§ What is expected:
Give an exact copy of the data that follows.

§ Data for this task:
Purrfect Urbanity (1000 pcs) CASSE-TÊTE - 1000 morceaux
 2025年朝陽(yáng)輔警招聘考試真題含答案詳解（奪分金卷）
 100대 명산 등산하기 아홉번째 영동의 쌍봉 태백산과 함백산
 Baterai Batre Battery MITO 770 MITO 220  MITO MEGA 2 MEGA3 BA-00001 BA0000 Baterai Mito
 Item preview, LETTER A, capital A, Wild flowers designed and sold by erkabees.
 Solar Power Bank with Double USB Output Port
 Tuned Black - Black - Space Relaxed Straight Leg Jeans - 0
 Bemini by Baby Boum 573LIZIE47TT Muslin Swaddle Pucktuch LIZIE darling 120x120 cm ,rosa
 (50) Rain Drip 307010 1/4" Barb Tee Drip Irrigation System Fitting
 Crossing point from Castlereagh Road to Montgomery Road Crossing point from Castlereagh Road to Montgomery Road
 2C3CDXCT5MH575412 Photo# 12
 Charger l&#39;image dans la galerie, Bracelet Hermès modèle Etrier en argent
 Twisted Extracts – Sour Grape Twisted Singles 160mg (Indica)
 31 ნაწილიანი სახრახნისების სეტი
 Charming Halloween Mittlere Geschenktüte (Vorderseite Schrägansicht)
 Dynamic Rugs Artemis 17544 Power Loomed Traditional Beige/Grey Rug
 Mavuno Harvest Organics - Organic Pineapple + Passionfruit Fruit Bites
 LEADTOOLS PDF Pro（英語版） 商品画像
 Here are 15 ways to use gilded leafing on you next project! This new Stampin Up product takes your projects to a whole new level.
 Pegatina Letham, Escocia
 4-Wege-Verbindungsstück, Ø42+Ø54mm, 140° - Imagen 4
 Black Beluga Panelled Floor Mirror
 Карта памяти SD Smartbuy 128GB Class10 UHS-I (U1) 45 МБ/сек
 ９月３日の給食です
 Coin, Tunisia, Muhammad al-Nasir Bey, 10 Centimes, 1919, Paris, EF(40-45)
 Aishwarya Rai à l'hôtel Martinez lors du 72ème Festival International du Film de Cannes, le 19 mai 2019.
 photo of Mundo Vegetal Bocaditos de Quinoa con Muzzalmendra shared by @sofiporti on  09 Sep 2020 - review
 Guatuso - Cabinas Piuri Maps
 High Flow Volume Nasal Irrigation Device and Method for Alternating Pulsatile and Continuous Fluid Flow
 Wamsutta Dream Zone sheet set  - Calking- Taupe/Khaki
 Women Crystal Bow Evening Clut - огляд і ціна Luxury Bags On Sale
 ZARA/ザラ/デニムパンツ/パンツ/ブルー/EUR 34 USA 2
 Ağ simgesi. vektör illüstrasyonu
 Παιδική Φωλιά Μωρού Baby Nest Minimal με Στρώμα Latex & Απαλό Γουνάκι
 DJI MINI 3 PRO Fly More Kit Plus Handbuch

§ Written reply:
Purrfect Urbanity (1000 pcs) CASSE-TÊTE - 1000 morceaux
 2025年朝陽(yáng)輔警招聘考試真題含答案詳解（奪分金卷）
 100대 명산 등산하기 아홉번째 영동의 쌍봉 태백산과 함백산
 Baterai Batre Battery MITO 770 MITO 220  MITO MEGA 2 MEGA3 BA-00001 BA0000 Baterai Mito
 Item preview, LETTER A, capital A, Wild flowers designed and sold by erkabees.
 Solar Power Bank with Double USB Output Port
 Tuned Black - Black - Space Relaxed Straight Leg Jeans - 0
 Bemini by Baby Boum 573LIZIE47TT Muslin Swaddle Pucktuch LIZIE darling 120x120 cm ,rosa
 (50) Rain Drip 307010 1/4" Barb Tee Drip Irrigation System Fitting
 Crossing point from Castlereagh Road to Montgomery Road Crossing point from Castlereagh Road to Montgomery Road
 2C3CDXCT5MH575412 Photo# 12
 Charger l&#39;image dans la galerie, Bracelet Hermès modèle Etrier en argent
 Twisted Extracts – Sour Grape Twisted Singles 160mg (Indica)
 31 ნაწილიანი სახრახნისების სეტი
 Charming Halloween Mittlere Geschenktüte (Vorderseite Schrägansicht)
 Dynamic Rugs Artemis 17544 Power Loomed Traditional Beige/Grey Rug
 Mavuno Harvest Organics - Organic Pineapple + Passionfruit Fruit Bites
 LEADTOOLS PDF Pro（英語版） 商品画像
 Here are 15 ways to use gilded leafing on you next project! This new Stampin Up product takes your projects to a whole new level.
 Pegatina Letham, Escocia
 4-Wege-Verbindungsstück, Ø42+Ø54mm, 140° - Imagen 4
 Black Beluga Panelled Floor Mirror
 Карта памяти SD Smartbuy 128GB Class10 UHS-I (U1) 45 МБ/сек
 ９月３日の給食です
 Coin, Tunisia, Muhammad al-Nasir Bey, 10 Centimes, 1919, Paris, EF(40-45)
 Aishwarya Rai à l'hôtel Martinez lors du 72ème Festival International du Film de Cannes, le 19 mai 2019.
 photo of Mundo Vegetal Bocaditos de Quinoa con Muzzalmendra shared by @sofiporti on  09 Sep 2020 - review
 Guatuso - Cabinas Piuri Maps
 High Flow Volume Nasal Irrigation Device and Method for Alternating Pulsatile and Continuous Fluid Flow
 Wamsutta Dream Zone sheet set  - Calking- Taupe/Khaki
 Women Crystal Bow Evening Clut - огляд і ціна Luxury Bags On Sale
 ZARA/ザラ/デニムパンツ/パンツ/ブルー/EUR 34 USA 2
 Ağ simgesi. vektör illüstrasyonu
 Παιδική Φωλιά Μωρού Baby Nest Minimal με Στρώμα Latex & Απαλό Γουνάκι
 DJI MINI 3 PRO Fly More Kit Plus Handbuch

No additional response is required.